(Web page caption snippets)
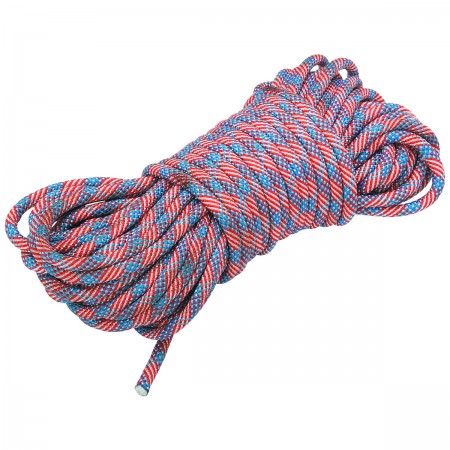 3/8 in. x 100 ft. Flag Rope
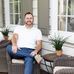 Profile Picture of Kenneth Fuqua (@kenneth.fuqua.714) on Facebook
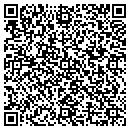 QR code with Carols Crfty Needle contacts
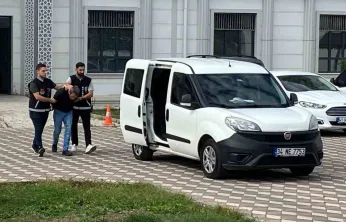 Halk otobüsü cinayetinde sanığa istenen ceza belli oldu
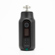TELESIN C40 Portable Fog Machine: Picture 6 thumbnail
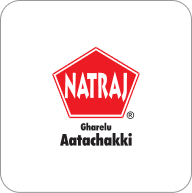 Natraj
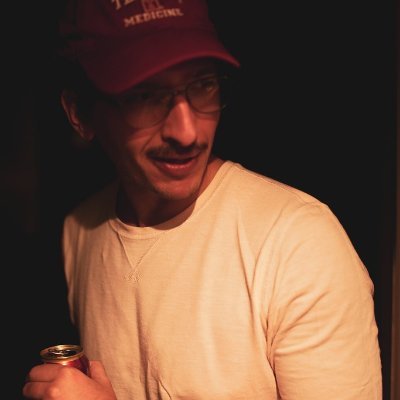 liluglybob's profile picture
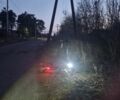ГАЗ 3110 Волга, объемом двигателя 2.45 л и пробегом 0 тыс. км за 459 $, фото 6 на Automoto.ua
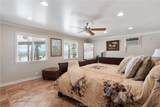 66125 Brant Cross - Photo 23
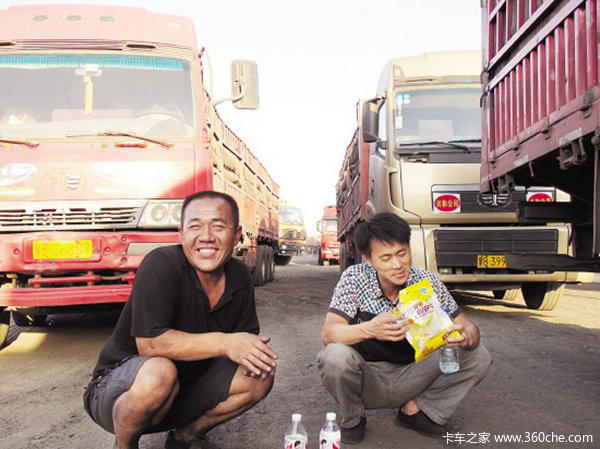 ����������&nbsp;2017����Ϊʲô���ڿ�����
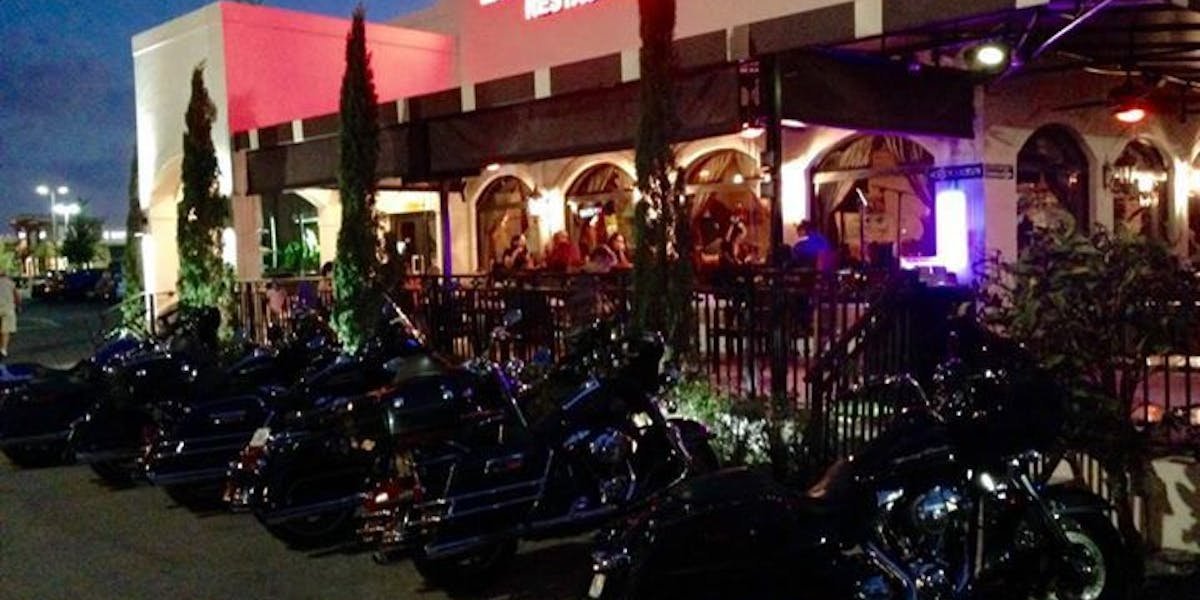 Little Havana II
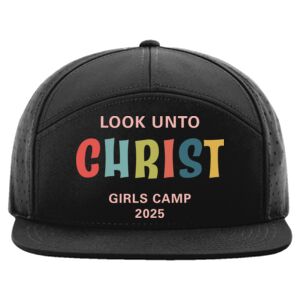 Cannon Cap Thumbnail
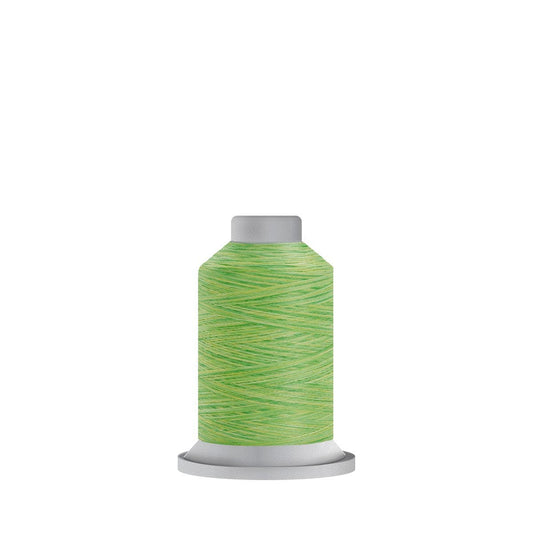 Glide Affinity - Chartreuse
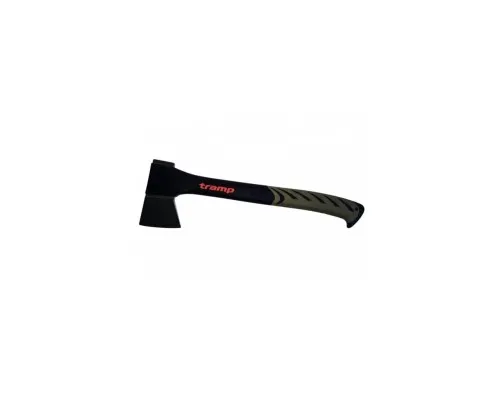 Сокира Tramp 45 см (UTRA-180)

What you should do: Only the lines from the one holding "Glide Affinity - Chartreuse" through the end of the records belong in the answer, copied exactly and without pictures.

Result for this exercise:
 Glide Affinity - Chartreuse
 Сокира Tramp 45 см (UTRA-180)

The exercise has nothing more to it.